Alcoa, the world's third-largest aluminum producer, estimates that demand will increase about 9 percent this year and double by 2020, requiring about 80 new smelters able to forge 400,000 metric tons each. By 2020, Asia will consume as much aluminum as the world does today, the company projects.

Power Costs

Power accounts for about a third of the cost of producing aluminum. Alcoa made an unsolicited takeover attempt last May for Canadian rival Alcan Inc., in part to capture that company's low- cost hydropower supplies in the Canadian province of Quebec. The company was instead bought by Rio Tinto Group for $38.1 billion.

Aluminum for delivery in three months on the London Metal Exchange rose $87, or 3.1 percent, to $2,850 a metric ton today. The metal has declined 16 percent from a record $3,380.15 on July 11.

Aluminum has lagged behind other metals traded on the LME. The metal had an average annual return of 15 percent in the five years through July, trailing the 35 percent average yearly gain for copper and 33 percent for lead.

Rio Tinto, the world's second-largest producer, last month scrapped a smelter project in Abu Dhabi that would have produced 700,000 tons a year after the United Arab Emirates decided not to use natural gas to fuel smelters. The company also has threatened to close a plant in Wales if it can't secure a new power contract and has suspended work on a new facility in South Africa.

Electricity Supplies

Similar problems are hampering Alcoa's efforts to maintain production. The company has idled half its capacity at a smelter in Texas in response to power shortages and is negotiating a new electricity-supply agreement for its Ferndale smelter in Washington state.

``The two big fundamental drivers are population growth'' and energy, Kleinfeld said.

Aluminum supply exceeded demand by 790,000 metric tons in the first half, compared with a shortfall in the year-earlier period, the World Bureau of Metal Statistics said yesterday in a statement. Demand last year outpaced supply by 88,000 tons in January through June, the Ware, England-based company said.

Alcoa rose 43 cents, or 1.4 percent, to $32.14 in New York Stock Exchange composite trading.
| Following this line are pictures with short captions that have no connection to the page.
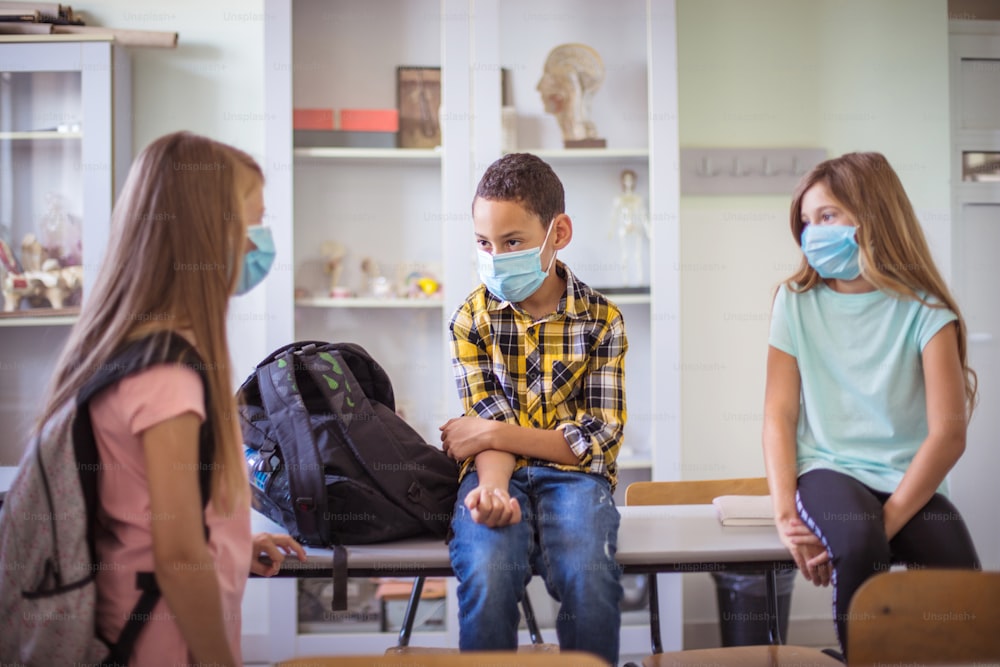 Conversation before class. Small group of school children in classroom talking. With face mask.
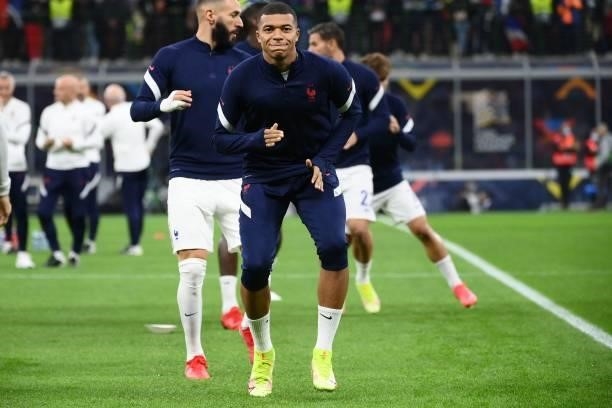 France's forward Kylian Mbappe warms up ahead of the Nations League final football match between Spain and France at San Siro stadium in Milan, on...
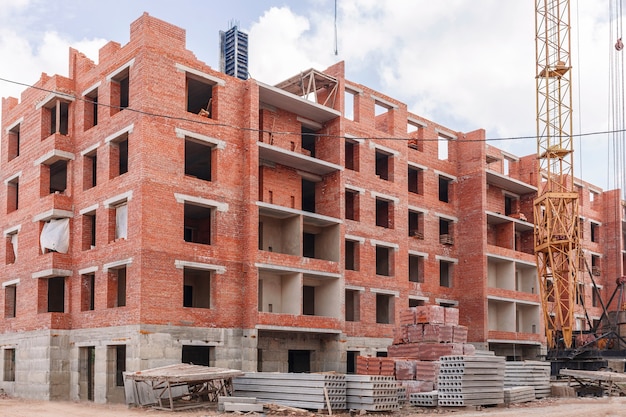 Gru a torre e lastre di cemento vicino alla casa in cantiere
The shares have declined 12 percent this year.

Chinese Demand

China's urban population rose 26 percent to 577 million from 2000 to 2006, London-based Rio Tinto has said. The country, which accounts for a third of the world's demand for the lightweight metal, accounted for more than 60 percent of the increase in primary aluminum consumption in 2007, according to Rio.
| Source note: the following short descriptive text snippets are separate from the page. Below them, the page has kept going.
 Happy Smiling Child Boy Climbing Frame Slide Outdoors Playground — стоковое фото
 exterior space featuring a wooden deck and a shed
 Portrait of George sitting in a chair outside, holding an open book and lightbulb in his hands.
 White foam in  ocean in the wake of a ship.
The price of aluminum, the most actively traded metal on the LME, may rise to more than $4,000 a ton as early as next year because of increasing power costs and higher production expenses in China, Rio Tinto Alcan Chief Executive Officer Dick Evans said in April.

Both Alcoa and Rio expect the market to be about balanced this year, reflecting curtailed supplies in countries including China and South Africa. Alcoa expects global demand to grow about 7.6 percent this year as rising demand from emerging markets such as China and India more than makes up for a decline of about 5 percent in the U.S. and Europe.

Alcoa said Jan. 9 it expects to add as much as 50 cents to per-share earnings in 2008 through new investments, including the expansion of the Fjardaal smelter in Iceland, which will produce about 300,000 tons of aluminum this year. The company is completing a 90,000-ton addition at the Pinjarra alumina refinery in Australia.

Alcoa is studying the feasibility of a new 250,000 metric ton-per-year aluminum smelter in Iceland that would be powered by geothermal energy. Greenland's parliament said in May it would study the potential development of a 340,000 metric ton smelter with Alcoa. The two smelters would be able to supply aluminum to either Europe or the Americas, Kleinfeld said.